MATERIAL SHOWN Start Marker
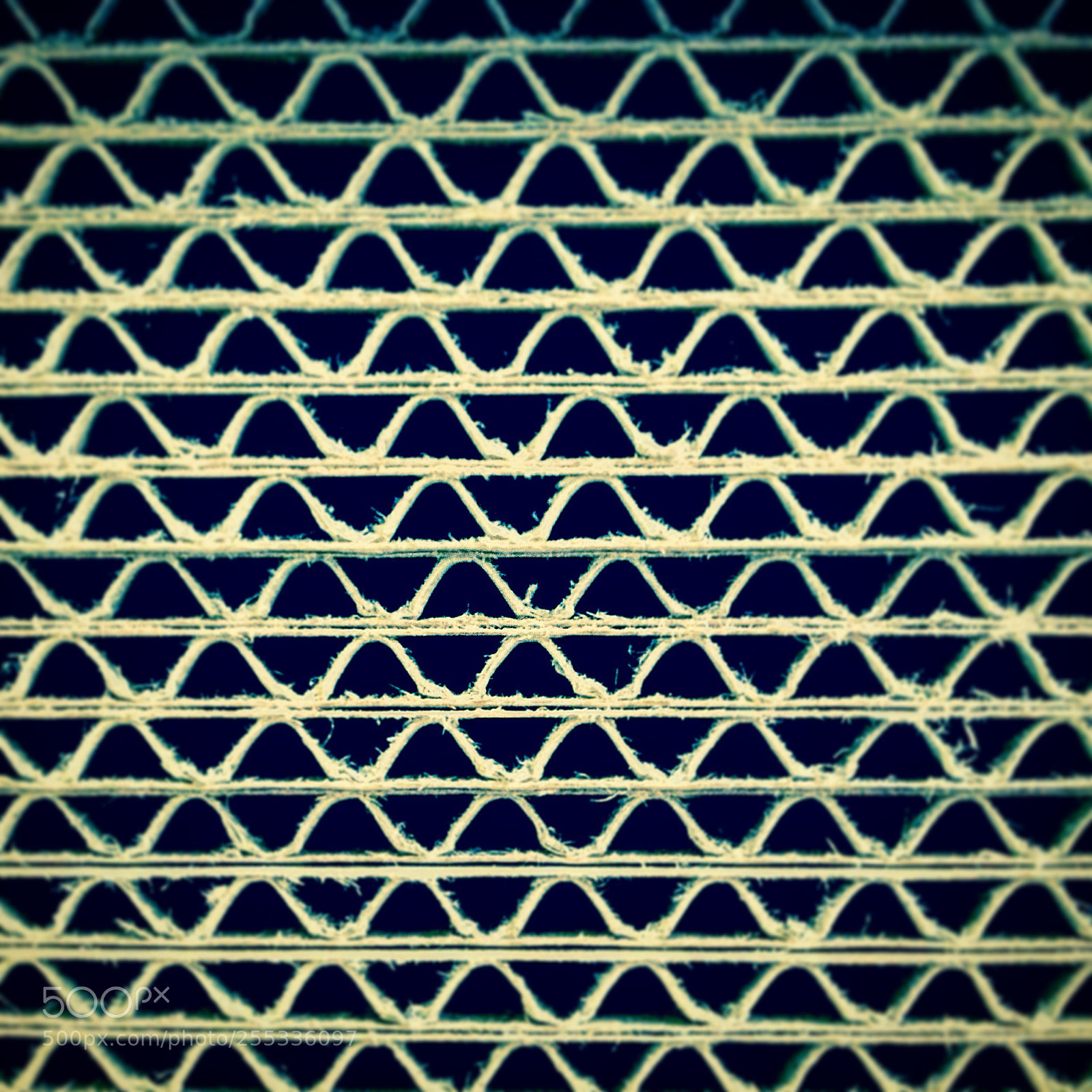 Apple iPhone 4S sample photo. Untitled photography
MATERIAL SHOWN End Marker
MATERIAL SHOWN Start Marker
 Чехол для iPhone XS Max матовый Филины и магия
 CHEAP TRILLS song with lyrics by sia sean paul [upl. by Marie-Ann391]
MATERIAL SHOWN End Marker
▶ DESCRIPTION OF THE TASK: In the listing above, locate the line containing "Чехол для iPhone" and the line containing "CHEAP TRILLS song". Extract those two lines and every line between them, exactly as written, and only those.

▶ SOLUTION:
 Чехол для iPhone XS Max матовый Филины и магия
 CHEAP TRILLS song with lyrics by sia sean paul [upl. by Marie-Ann391]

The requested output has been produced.